Problem details. The stretch from the line with "Two mixed breed donkey stallions fight" through the line with "Custom wood Piranha" in the records below: write it out exactly, and nothing else.

Given records.
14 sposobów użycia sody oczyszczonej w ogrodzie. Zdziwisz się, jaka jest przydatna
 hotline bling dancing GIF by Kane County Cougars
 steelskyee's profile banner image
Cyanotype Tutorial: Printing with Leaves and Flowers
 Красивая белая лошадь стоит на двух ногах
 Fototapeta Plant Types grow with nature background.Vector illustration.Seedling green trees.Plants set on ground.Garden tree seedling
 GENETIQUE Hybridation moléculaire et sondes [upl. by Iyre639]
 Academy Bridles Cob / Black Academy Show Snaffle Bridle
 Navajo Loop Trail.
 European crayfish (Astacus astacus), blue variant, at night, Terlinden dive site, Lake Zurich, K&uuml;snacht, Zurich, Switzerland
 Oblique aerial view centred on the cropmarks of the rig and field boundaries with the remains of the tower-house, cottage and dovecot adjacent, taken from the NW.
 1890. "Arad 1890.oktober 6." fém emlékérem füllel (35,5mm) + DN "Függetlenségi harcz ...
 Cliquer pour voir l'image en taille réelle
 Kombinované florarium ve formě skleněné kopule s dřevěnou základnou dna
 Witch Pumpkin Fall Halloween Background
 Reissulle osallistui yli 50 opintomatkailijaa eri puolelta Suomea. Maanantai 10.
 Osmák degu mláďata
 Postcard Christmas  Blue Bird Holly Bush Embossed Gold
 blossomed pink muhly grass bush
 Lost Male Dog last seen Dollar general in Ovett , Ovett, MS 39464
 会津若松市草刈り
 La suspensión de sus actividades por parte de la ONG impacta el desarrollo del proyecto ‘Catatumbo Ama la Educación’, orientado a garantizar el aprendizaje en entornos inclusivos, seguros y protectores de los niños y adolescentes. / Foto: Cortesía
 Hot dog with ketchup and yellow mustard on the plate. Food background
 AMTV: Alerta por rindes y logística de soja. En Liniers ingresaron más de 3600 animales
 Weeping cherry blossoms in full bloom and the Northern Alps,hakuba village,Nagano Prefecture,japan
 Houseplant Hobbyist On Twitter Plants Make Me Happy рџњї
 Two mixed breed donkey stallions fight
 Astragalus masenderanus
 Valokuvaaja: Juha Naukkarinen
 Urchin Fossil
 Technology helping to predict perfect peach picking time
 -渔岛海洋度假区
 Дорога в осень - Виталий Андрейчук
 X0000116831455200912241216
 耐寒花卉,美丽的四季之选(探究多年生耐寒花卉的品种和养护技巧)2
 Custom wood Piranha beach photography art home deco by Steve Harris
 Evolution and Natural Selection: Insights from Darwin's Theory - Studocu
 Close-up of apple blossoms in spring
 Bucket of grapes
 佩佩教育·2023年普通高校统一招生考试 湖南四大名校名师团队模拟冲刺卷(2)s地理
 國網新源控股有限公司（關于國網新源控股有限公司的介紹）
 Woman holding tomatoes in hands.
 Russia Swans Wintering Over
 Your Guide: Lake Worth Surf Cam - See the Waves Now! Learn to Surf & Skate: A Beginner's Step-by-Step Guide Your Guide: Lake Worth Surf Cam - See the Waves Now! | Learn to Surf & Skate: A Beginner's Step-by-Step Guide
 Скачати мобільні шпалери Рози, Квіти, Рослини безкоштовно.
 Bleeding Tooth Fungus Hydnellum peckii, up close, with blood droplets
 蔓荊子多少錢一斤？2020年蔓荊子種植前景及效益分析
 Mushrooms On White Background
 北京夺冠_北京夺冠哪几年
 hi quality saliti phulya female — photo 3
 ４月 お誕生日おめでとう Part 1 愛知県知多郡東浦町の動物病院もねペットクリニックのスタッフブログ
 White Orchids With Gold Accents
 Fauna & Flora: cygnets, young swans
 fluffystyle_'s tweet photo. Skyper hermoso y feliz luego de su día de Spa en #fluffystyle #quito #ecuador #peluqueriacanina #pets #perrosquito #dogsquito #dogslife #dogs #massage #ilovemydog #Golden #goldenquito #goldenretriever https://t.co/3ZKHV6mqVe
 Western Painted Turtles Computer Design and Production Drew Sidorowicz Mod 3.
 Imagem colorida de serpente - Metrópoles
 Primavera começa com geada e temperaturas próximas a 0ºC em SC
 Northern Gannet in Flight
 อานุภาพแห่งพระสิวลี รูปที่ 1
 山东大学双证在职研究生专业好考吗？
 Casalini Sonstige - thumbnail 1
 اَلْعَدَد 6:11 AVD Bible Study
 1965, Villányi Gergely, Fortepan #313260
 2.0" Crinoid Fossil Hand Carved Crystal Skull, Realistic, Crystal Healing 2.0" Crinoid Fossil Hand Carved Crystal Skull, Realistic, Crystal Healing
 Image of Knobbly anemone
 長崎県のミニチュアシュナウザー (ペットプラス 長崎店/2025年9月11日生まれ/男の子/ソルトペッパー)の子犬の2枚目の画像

Your solution.
 Two mixed breed donkey stallions fight
 Astragalus masenderanus
 Valokuvaaja: Juha Naukkarinen
 Urchin Fossil
 Technology helping to predict perfect peach picking time
 -渔岛海洋度假区
 Дорога в осень - Виталий Андрейчук
 X0000116831455200912241216
 耐寒花卉,美丽的四季之选(探究多年生耐寒花卉的品种和养护技巧)2
 Custom wood Piranha beach photography art home deco by Steve Harris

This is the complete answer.